Não é preciso saber detalhes para entender as principais causas. Conhecer os pormenores só desviará a atenção dos “porquês” do drama. É tão certo isso como é acertada a minha relutância em dar protagonismo às chamas. Espaço meu, não alimentará a febre aos pirómanos, embora tudo leve a crer que desta vez mais se deva à incúria que à loucura. Dirão que não, que se conjugaram factores de baixa humidade,  vento, temperaturas do diabo e trovoadas… 
Entre a profusão de imagens, declarações, testemunhos, entrevistas e comentários, procuro a sentenciosa análise de Filipe Soares dos Santos da qual recordo algumas palavras, frases soltas: “falta de ordenamento”; “grande parte da floresta ou é privada ou fracionada e sem cadastro”; “é preciso passar a dar valor ao mato, à biomassa”. Procuro e não encontro.
Veio a explicação por outra via, assim:

 (…)
«6 – O PCP considera que uma das questões centrais para evitar tragédias como a de hoje é a inversão da tendência da desresponsabilização do Estado na gestão da floresta, na prevenção e combate a incêndios e no ordenamento do território e combate à desertificação.
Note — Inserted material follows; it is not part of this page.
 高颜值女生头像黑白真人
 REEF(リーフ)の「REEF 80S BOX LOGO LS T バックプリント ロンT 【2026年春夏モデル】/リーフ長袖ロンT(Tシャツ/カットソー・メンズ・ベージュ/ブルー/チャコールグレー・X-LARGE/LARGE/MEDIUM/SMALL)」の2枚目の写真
É necessário inverter o esvaziamento humano de estruturas da Administração Central e a rarefacção de meios financeiros para a floresta e para o apoio à actividade agrícola. Nesse sentido a DORLEI do PCP reitera a sua condenação do encerramento de vários serviços da Direcção Regional de Agricultura no Distrito de Leiria.
É necessário valorizar a importância e o papel dos pequenos produtores e compartes dos Baldios, dar mais meios e poder de decisão às suas associações, dar resposta ao problema central do baixo preço do material lenhoso e assegurar o ordenamento da floresta, designadamente através da elaboração do Cadastro Florestal com os meios financeiros adequados.
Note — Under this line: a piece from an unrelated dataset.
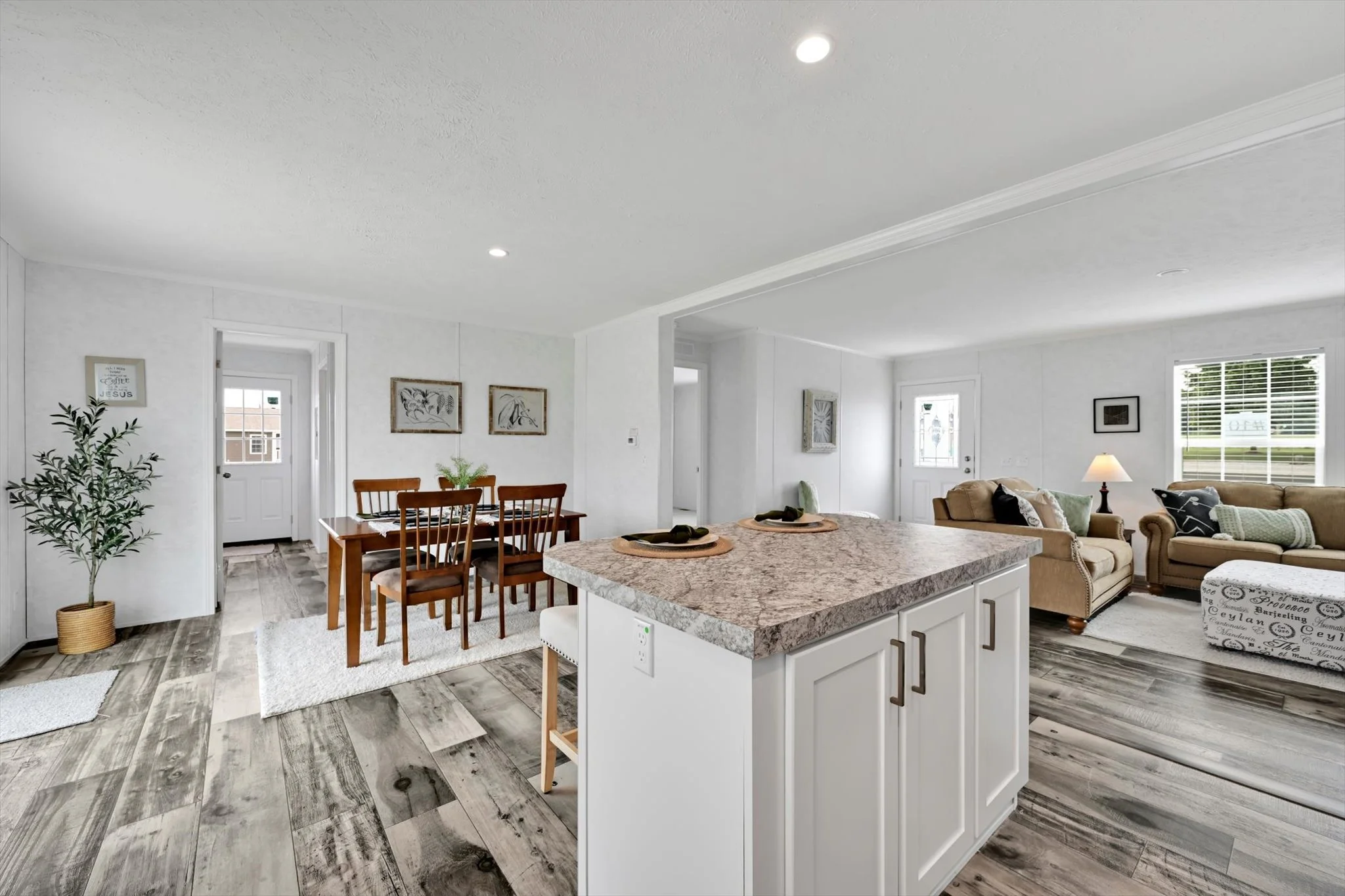 18-Kitchen.jpg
7 – Os problemas da floresta portuguesa e as catástrofes como a de hoje não resultam apenas das condições climatéricas extremamente adversas que se verificaram no dia de ontem.
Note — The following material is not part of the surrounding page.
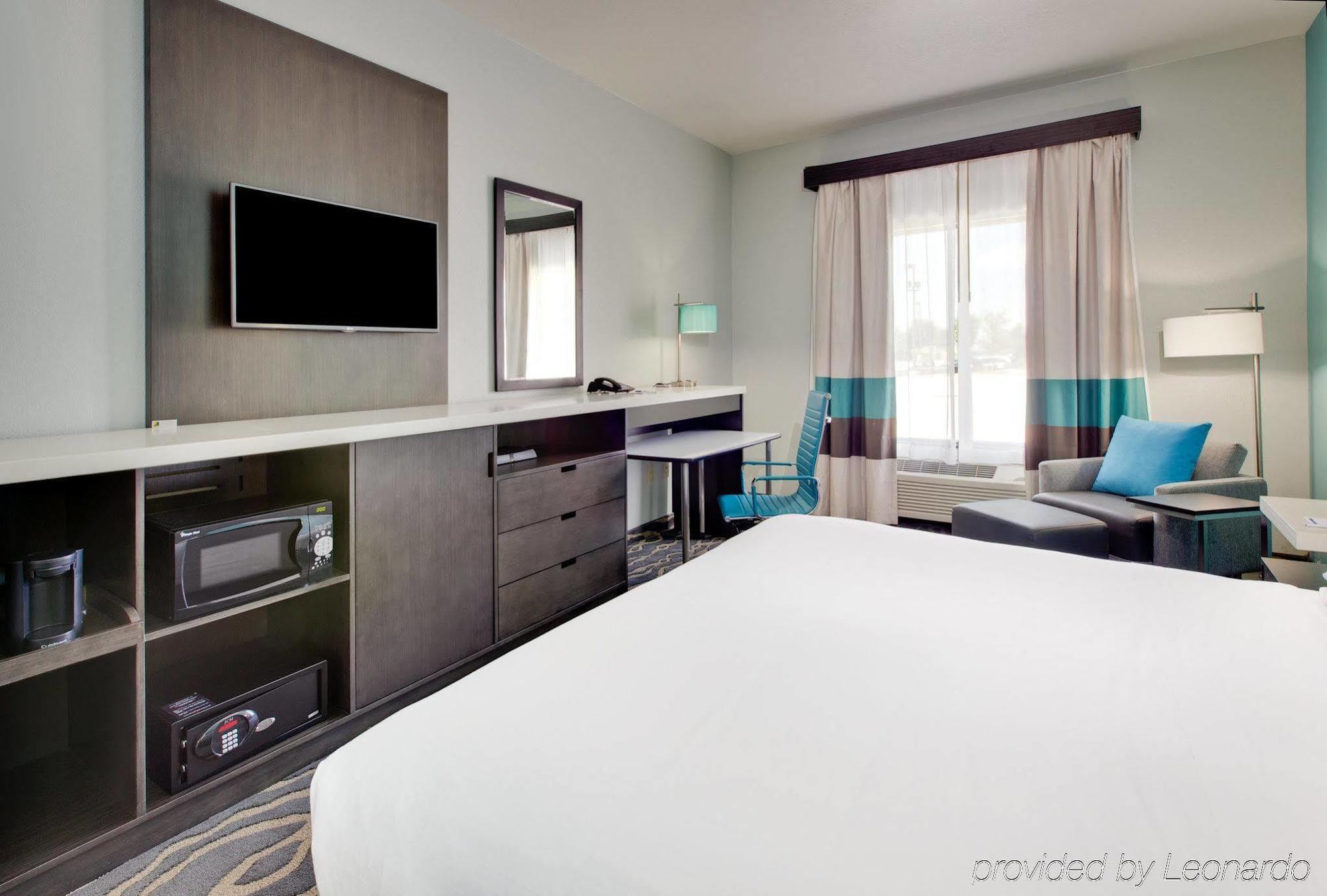 La Quinta Inn & Suites By Wyndham Northlake Ft. Worth Elizabethtown Dış mekan fotoğraf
Decorrem também da destruição da pequena e média agricultura, do desaparecimento de muitos milhares de explorações familiares e da desertificação do mundo rural e do interior do País. Catástrofes como esta são ainda indissociáveis da aplicação da PAC e das suas desastrosas reformas, bem como do resultado de políticas agro-florestais, orçamentais e de serviços públicos contrarias aos interesses dos agricultores e do mundo rural.»

18 de Junho de 2017
O Gabinete de Imprensa da
Direcção da Organização Regional de Leiria do PCP

 Já antes deste luto eu me enlutara com a situação que só espanta pela dimensão do drama.